Josephine Preston Peabody (May 30, 1874 – December 4, 1922) was an American poet and dramatist.

==Biography==
Peabody was born in New York and educated at the Girls' Latin School, Boston, and at Radcliffe College. She also participated in George Pierce Baker's Harvard Workshop 47.

In 1898, she was introduced to fifteen-year-old Khalil Gibran by Fred Holland Day, the American photographer and co-founder of the Copeland-Day publishing house, at an art exhibition. Shortly thereafter Gibran returned to Lebanon but the pair continued to correspond.

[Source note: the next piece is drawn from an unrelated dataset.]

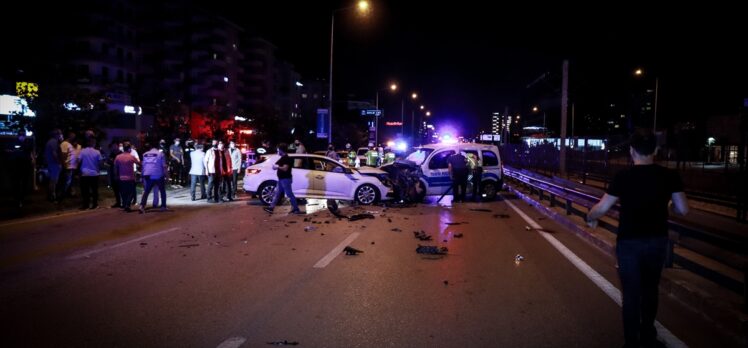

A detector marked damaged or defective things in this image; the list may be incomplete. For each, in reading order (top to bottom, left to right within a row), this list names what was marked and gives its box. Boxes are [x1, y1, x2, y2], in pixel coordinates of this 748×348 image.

crashed white car [245, 154, 398, 205]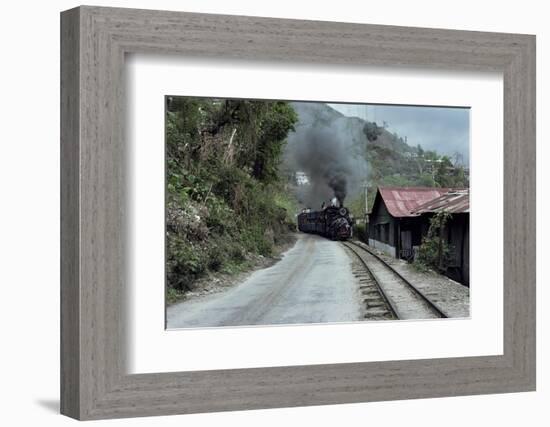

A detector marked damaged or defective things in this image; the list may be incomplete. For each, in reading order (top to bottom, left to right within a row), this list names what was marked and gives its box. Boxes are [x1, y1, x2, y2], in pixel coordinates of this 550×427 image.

From 1901 to 1903, she was instructor in English at Wellesley. The Stratford-on-Avon prize went to her in 1909 for her drama The Piper, which was produced in England in 1910; and in America at the New Theatre, New York City, in 1911. Composer Grace Chadbourne used Peabody's text for her songs "Green Singing Book" and "Window Pane Songs".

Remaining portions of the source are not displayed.